# white ppl in scary movies



## reji12 (Jun 16, 2009)

what the hell is it with the dumb white person in a scary movie

list all the possible ways for a white person to do somethin dumb in a scary movie to die for


----------



## Lord Yu (Jun 16, 2009)

Oh how may I count the ways?


----------



## Mider T (Jun 16, 2009)

Lot of race threads these days  /riot


----------



## Fire Me! (Jun 16, 2009)

gotta admit,
white people survival rate is a lot better than black people


----------



## Red (Jun 16, 2009)

The white guy always says "Lets split up". When will you guys learn.
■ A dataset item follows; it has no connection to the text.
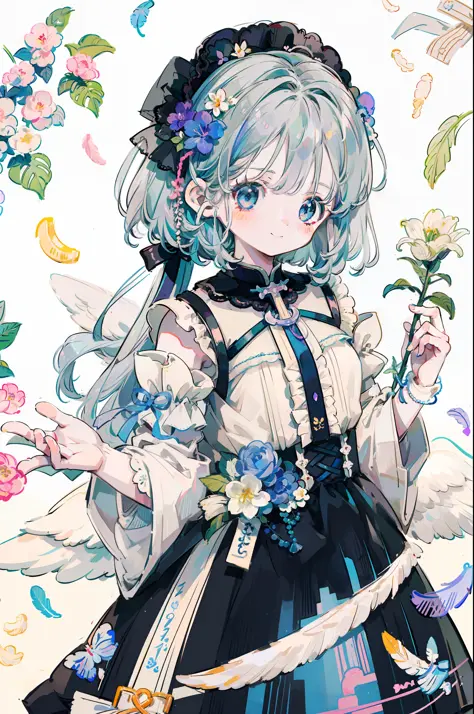 Anime Pictures。Beautiful shades of iridescent prism。A girl about 18 years old with a large angel feather on her back is smiling ...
That never ever works. Ever.


----------



## Bitch (Jun 16, 2009)

The minority always dies first.


----------



## Jeff (Jun 16, 2009)

Even in Scary Movie 3, the only main cast person to die is Brenda.


----------



## 【Temari】 (Jun 16, 2009)

I love scary movie part 1,2,3 and especially the part 4...


I really really fuckin love ANNA PARIS!!!! she's my idol next to McAdams..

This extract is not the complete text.